ため息をつきそうになっていると、後ろから誰かが覆いかぶさってきた。

トリヴァンだ!

毎日会わない日はなく、抜きつ抜かれつしていたトリヴァンも足を痛めて見るからに痛々しい。

「ヘイ 一緒にゴールまで走ろう!」

「ワォ!」

手を取り合い、見守る人たちにやんやと喝采を受けながらゴールを目指す。不思議なものだ、2人なら走れる。

とは言っても、2人ともつないだ片方の手でストックを着き、しゃくとり虫のように体をくねらせている。汗でニュルニュルと滑る手を何度も握り直しながら。

 

そして、つないだ手のおかげで250キロのゴールに走って(歩いているのとスピードは変わらないけれど。気持ちが大事!)ゴールッ!!

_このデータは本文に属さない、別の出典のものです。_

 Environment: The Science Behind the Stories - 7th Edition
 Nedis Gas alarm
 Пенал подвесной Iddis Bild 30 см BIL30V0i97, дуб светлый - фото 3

両手をバンザイし、思わず口が「ワーッ」と奇声を発している。もちろんハグハグ!

ハハハーッ やったぜー!

 

「コングラッチュレーション!!」心から自分に。

そして、こう言おうと決めていた。

 

「I am  HAPPY!!」

 

 

 

サハラマラソンが終わってみて・・・

早速チーズやパンにかじりつきながら(このモロッコパンが激ウマ)、もったいないなぁ終わってしもたとゴールを眺めている。

もっとさみしくなるかなと思っていたけれど、「終わった」という現実を真正面から受け止めている私がいる。精一杯やったと思えたからかもしれない。

それにしても、この足で7日間走り続けた(まだ言うか!歩いてるっちゅーねん)私って、すごいなぁ〜。な〜んて。

 

スタッフに、サハラを共に過ごした友人たちに、そして家族にありがとう。

今この場に居れる私は幸せ者だ。

ほんまに、「I am  HAPPY!」

 

 

「楽しくてたまらんかった」と思っていたサハラマラソンやけど、案外大変なこともあったんやなと書いてみて思う。

レース中は、全く大変やとは感じていなかった。

もともと「マッシグラ」な私。大変だということに気付けず、とんでもない状態になることも多々・・・。
今回も、どうにかして前に進むことしか考えていなかった。ま、前向き思考といいうことで(笑)。

でも、きっと「ラク」なことが「楽しい」ではないんやろうな。

「今」に精一杯向き合えた幸福で濃密な7日間やった。

 

この7日間で新しい私に出会えればいいな、なんて思っていたけれど、案外何も変わらん自分とちっぽけな私を発見しただでした(笑)

サハラマラソンをゴールしたら人生が変わるとかいったりもするけれど、人はそんなに簡単に?変わらないんかもしれない。

それよりも、1日1日を大切に積み重ねていったらふと何かに気付く時があるのかもしれないな。

この度も、子育てしながら「いつか山へ行きたい」と思ってコツコツ走ることを続けてきた先に、たまたまサハラマラソンがあったように。

たまたまとか言っているけれど、少しずつでも走っていたからこそ今があるんじゃないかなと思ったり。

例え小さなことでも、全ては次につながっていると思うから。